Healthy Babies Initiative

In partnership with Healthy Babies Bright Futures, we are working with cities to improve children’s health and reduce health disparities, specifically those that decrease neurotoxic exposures.

City leaders can dramatically impact children’s health, in particular children of color, who are most adversely impacted by these environmental harms. By addressing the social and physical determinants of health through access to healthy foods, lead abatement, and more, city leaders can play a major role in addressing these disparities.


Case Study: Salem, MA

How Salem, MA Provided Thousands of Pounds of Organic Food to Local Families

“The funding we received from HBBF and MIP allowed the City of Salem to distribute over 6,000 pounds of healthy, locally grown produce to Salem families this summer,” said Mayor Driscoll. “In addition to improving access to healthy food, it was also a tremendous community building experience.”

Recent Publications

  • Mayors Innovation Project & Healthy Babies Bright Futures. Bringing Healthy Food & Prenatal Services to Families in Champaign, IL.

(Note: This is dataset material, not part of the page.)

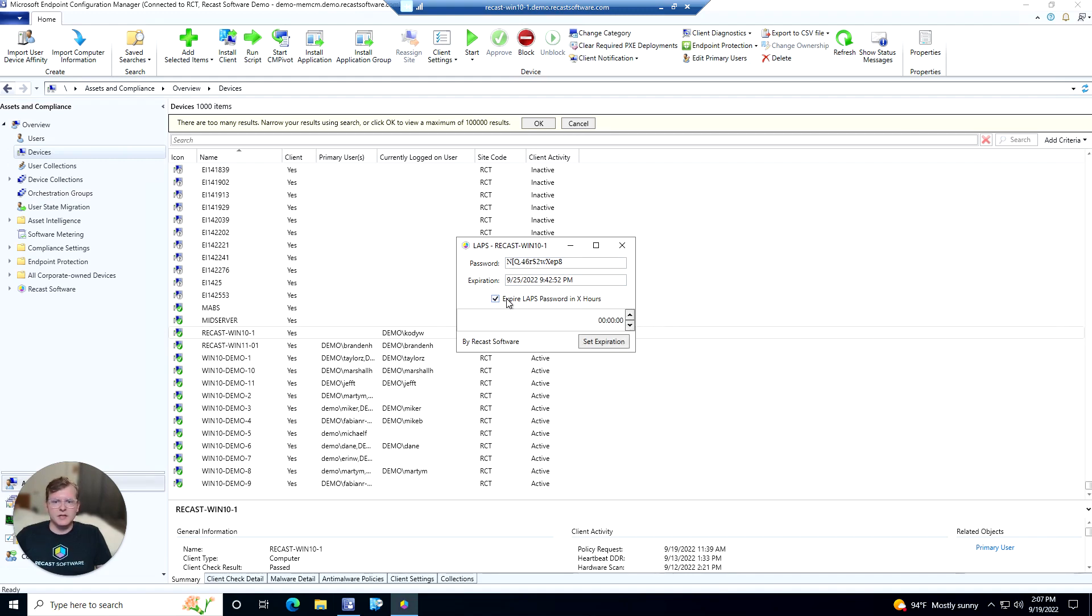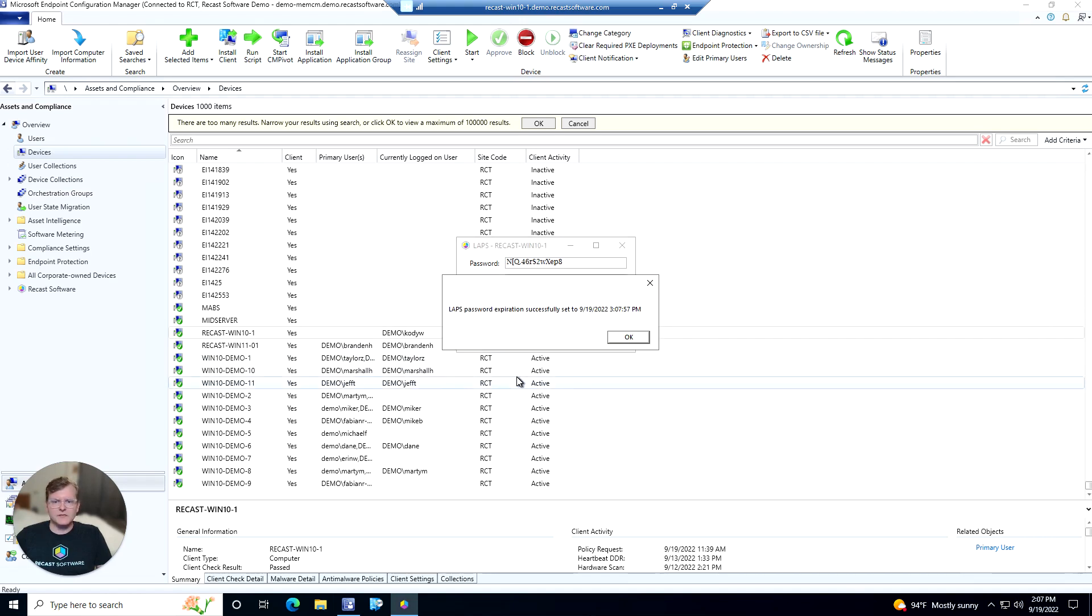We can go ahead and select this checkbox here, then we'll set a time here. So let's go ahead and we'll just set this to expire in one hour. We can kick that off there, and now that's going to expire one hour from now.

    To build a brighter future for babies—in part by combating high rates of obesity, food insecurity, and childhood poverty—the City of Champaign and Champaign Township partnered with  Champaign-Urbana City Farms (CU City Farms) to create a Mobile Food Market. Since its launch in September 2020, the Mobile Food Market distributed more than 5,000 pounds of organic,  locally grown produce, organic baby food, diapers and formula—free of charge—to more than 1,000 community members.

  • Mayors Innovation Project & Healthy Babies Bright Futures. How Lynn, MA Expanded a Farmers Market to Support Vulnerable Residents.

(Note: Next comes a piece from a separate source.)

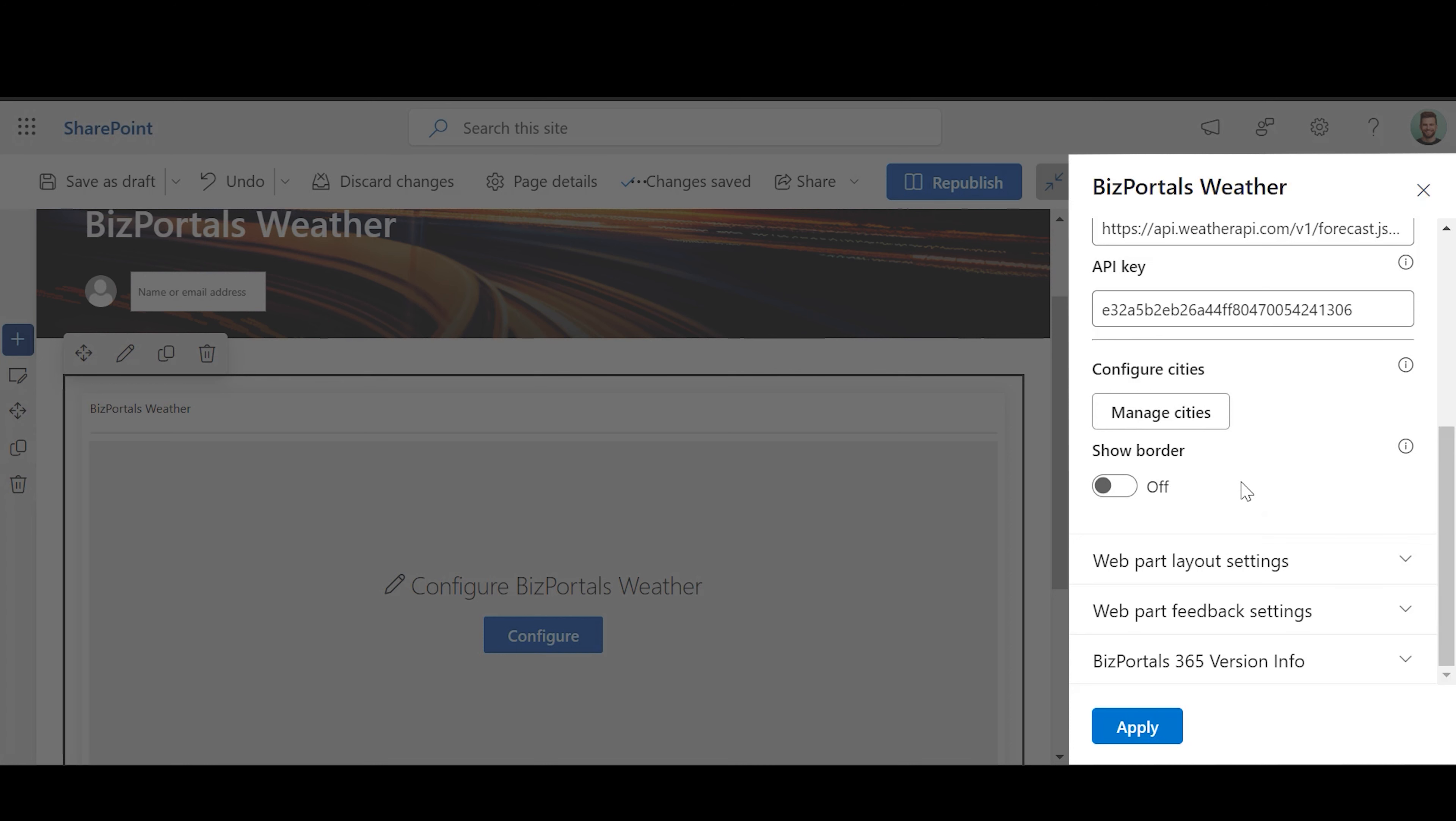Show Border: Enable this feature to add a visible border around the web part, enhancing its visual distinction and clarity.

    Residents and community leaders in Lynn, MA worked together to address food insecurity by bolstering the Central Square Farmers Market and associated services to improve the health of  pregnant women and young children. The City of Lynn, 10 miles north of Boston, is known for its contemporary public art, international population, historic homes, and public parks and open  spaces. Relatively old housing stock, however, makes Lynn prone to lead paint hazards.

  • In 2019, the Mack Park Food Farm, a municipal farm and food forest, replaced an unused baseball field at a city park in Salem, Massachusetts. Today, it encompasses about 10,000 square  feet, along with a recently constructed pond that captures water for irrigation and overflows to a nearby urban wetland. The Food Farm grew from the efforts of local residents and agriculturalists Matt Buchanan, Pat Schultz, and Andy Varela. It was built in 2020 with about $40,000 in grants, including a $5,000 grant from the Healthy Babies Initiative sponsored by Bright Cities and the Mayors Innovation Project.